## Material for this task
══════

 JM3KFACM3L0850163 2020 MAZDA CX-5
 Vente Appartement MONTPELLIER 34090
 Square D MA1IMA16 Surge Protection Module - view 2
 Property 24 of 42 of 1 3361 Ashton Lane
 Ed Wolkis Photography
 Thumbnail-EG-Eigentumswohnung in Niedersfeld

══════

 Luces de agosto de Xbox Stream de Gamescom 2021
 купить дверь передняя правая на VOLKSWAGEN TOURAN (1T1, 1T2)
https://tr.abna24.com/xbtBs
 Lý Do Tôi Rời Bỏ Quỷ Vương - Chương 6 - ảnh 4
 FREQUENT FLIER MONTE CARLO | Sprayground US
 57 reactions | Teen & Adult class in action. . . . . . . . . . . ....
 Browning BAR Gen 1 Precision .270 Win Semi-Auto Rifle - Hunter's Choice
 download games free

══════

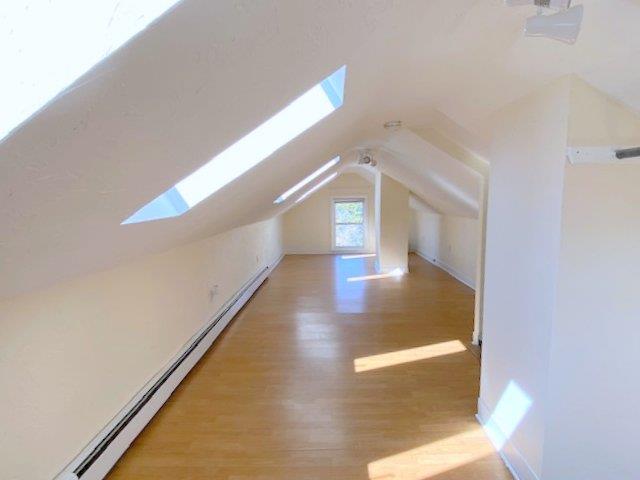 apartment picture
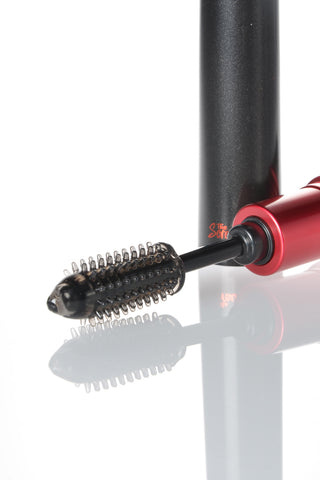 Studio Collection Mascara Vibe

══════

## What needs to be done
In the data above, the stretch from the line with "apartment picture" through the line with "Studio Collection Mascara Vibe" is to be returned exactly, minus any pictures.

## Response to the exercise
 apartment picture
 Studio Collection Mascara Vibe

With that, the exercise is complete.